### TASK STATEMENT
Could you retype exactly the lines below between the one holding "The Wreath Shop" and the one holding "Union Baby Back", inclusive, leaving out any pictures?

### RAW DATA
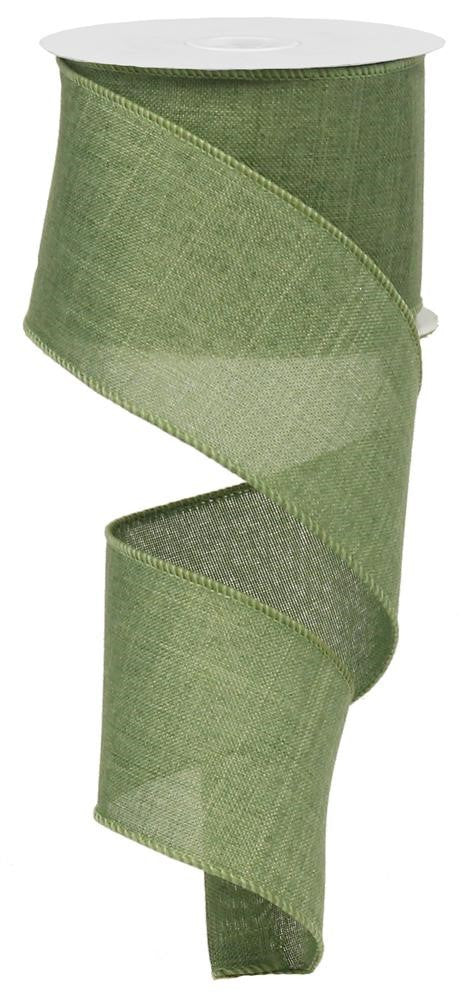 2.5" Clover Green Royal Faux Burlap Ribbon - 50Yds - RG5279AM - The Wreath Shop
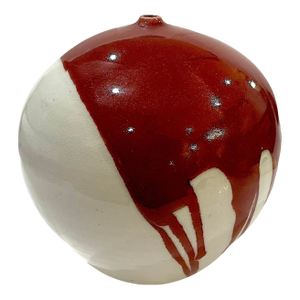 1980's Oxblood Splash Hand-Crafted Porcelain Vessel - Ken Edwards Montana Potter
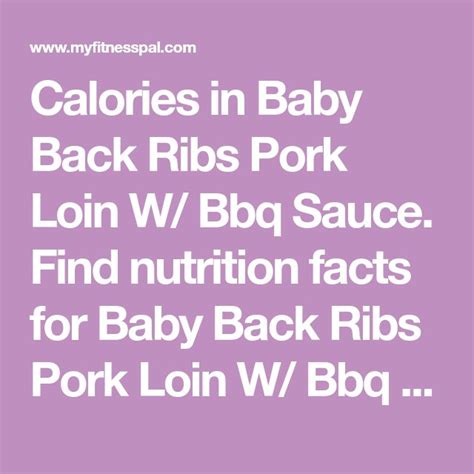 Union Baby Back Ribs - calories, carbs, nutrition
* * *
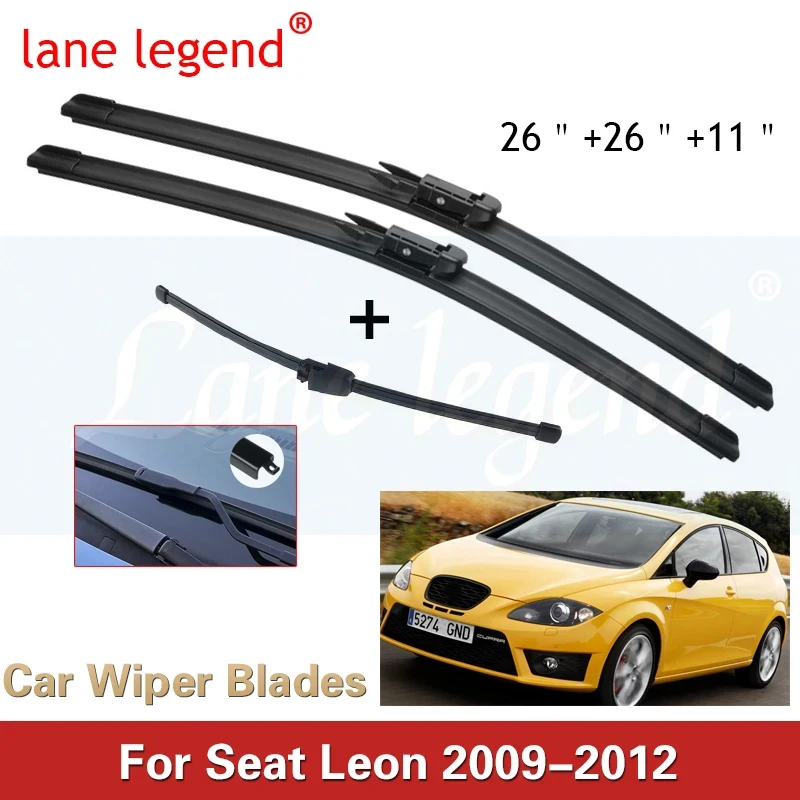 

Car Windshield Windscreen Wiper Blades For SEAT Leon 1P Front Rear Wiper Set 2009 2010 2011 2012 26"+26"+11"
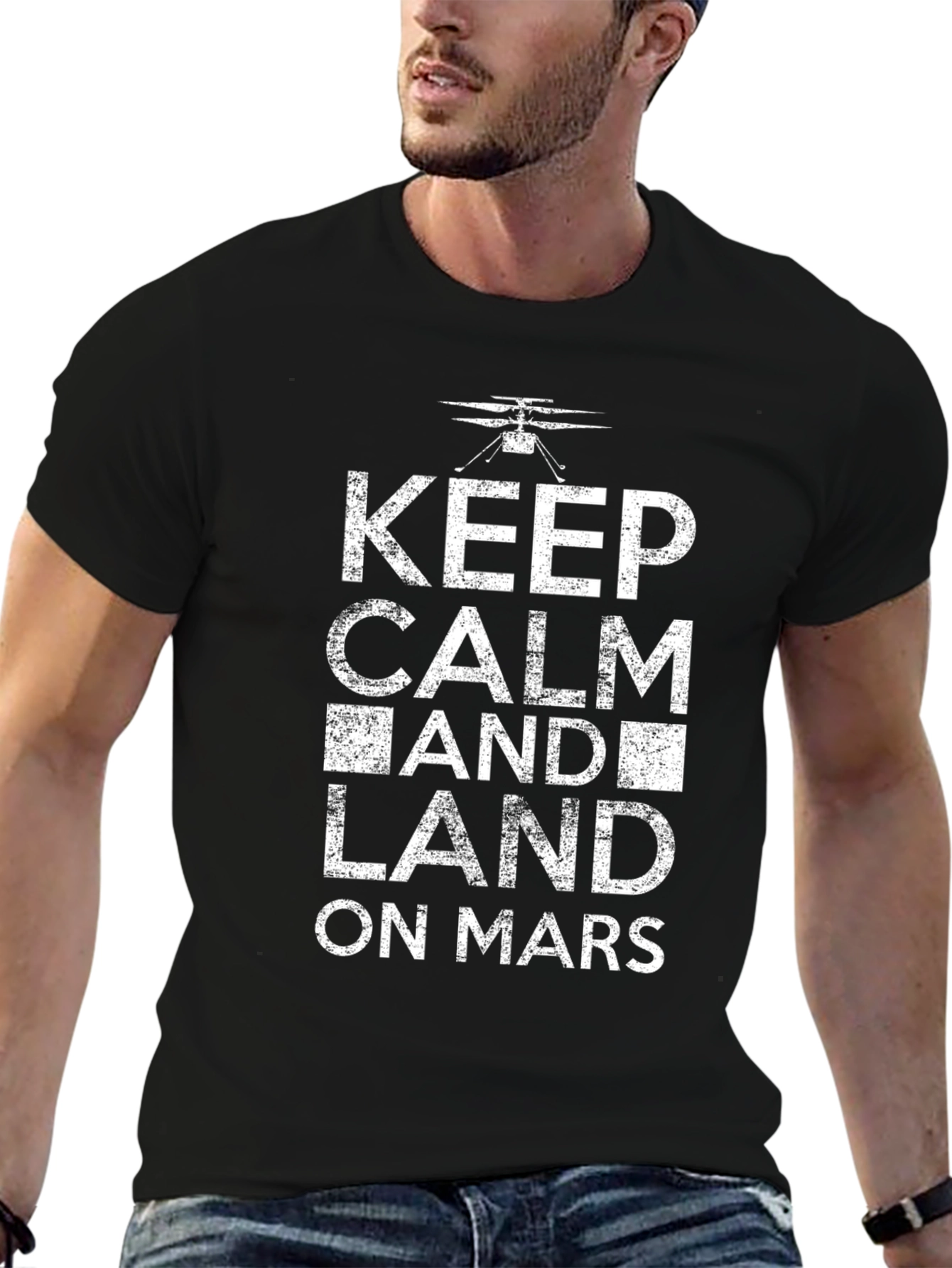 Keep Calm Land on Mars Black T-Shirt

### ANSWER SPACE
 2.5" Clover Green Royal Faux Burlap Ribbon - 50Yds - RG5279AM - The Wreath Shop
 1980's Oxblood Splash Hand-Crafted Porcelain Vessel - Ken Edwards Montana Potter
 Union Baby Back Ribs - calories, carbs, nutrition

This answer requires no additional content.